The findings imply that political consciousness and sense of social justice tend to be diverse among unions' stewards. The egalitarian motivation and class solidarity are often confined to face-to-face interaction at the workplace. Moreover, class egalitarianism and solidarity are repeatedly overshadowed by contradictory stronger commitment to separatist views regarding nationality, religion and more. Similar tendency may occur in other countries while the internal organizational dynamics are subjected to other external forces (such as mass immigration and economic turbulence).

The opportunity to be outsiders: minimum income scheme beneficiaries engaged in public works

Silvia Girardi1,2, Roland Maas1, Valeria Pulignano2

1LISER, Luxembourg; 2KU Leuven - Centre for Sociological Research Employment (Industrial) and Labour Market Studies, Belgium

Following the literature on labour market insiders/outsiders, we challenge the view that labour market integration inevitably leads to social inclusion. We argue that labour market integration does not imply necessary a subjective experience of social inclusion.

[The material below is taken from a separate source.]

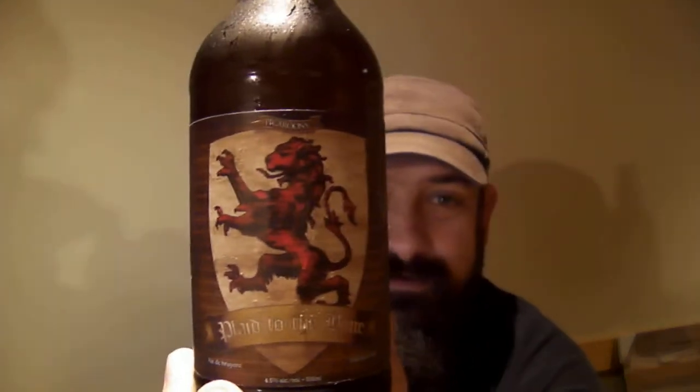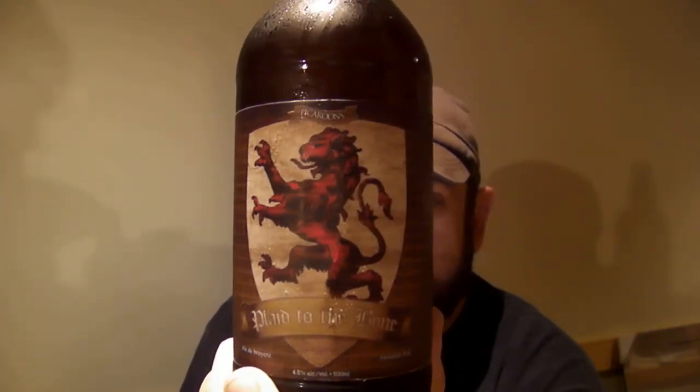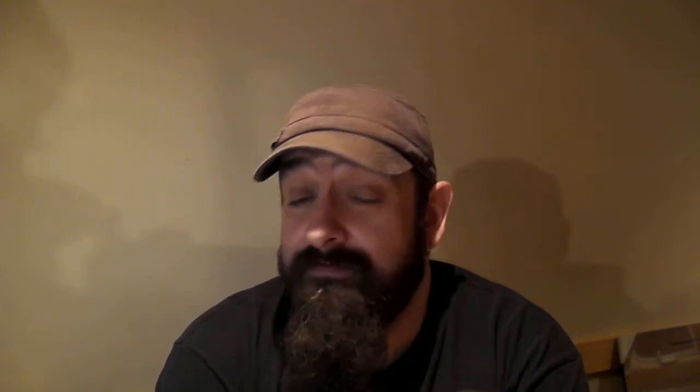I better hold that up longer — the old camera here is on its last legs. Real cool label on it. I think this one's paper; I kind of like their old vinyl ones better, but I can understand the whole price thing. Anyways, this is Picaroons Plaid to the Bone — a heather ale, 4.5% alcohol by volume, 500ml. Northampton Broome Company Limited, Fredericton, New Brunswick. Picaroons.ca.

We ground this claim on in-depth qualitative interviews with people on a minimum income scheme who are engaged in public works in return for their welfare benefit. The interviews focus on the perception of their occupation and we analyse them looking at how work insecurity manifests in their lives. These are a group of peculiarly vulnerable people which have been assigned to work experience programmes by the social assistance service provider (e.g. case workers), usually in the public or non-profit sector, as they are considered unable to participate to the labour market unless provided with a sheltered occupation. This specific group of workers is very little studied in the debate on insiders/outsiders and, therefore, we shed light on their job insecurity and investigate their outsiderness condition with regards to their participation both to the labour market and society.

Although the main narrative of policy makers and social workers on these kind of jobs rhetorically stresses their role as an opportunity for beneficiaries, our research outlines that 1) those work programmes display a whole range of characteristics associated to precarious jobs such as the temporary duration and low level of protection and employment rights; 2) subjectively, some workers experience both an high level of insecurity and forms of disrespect from co-workers.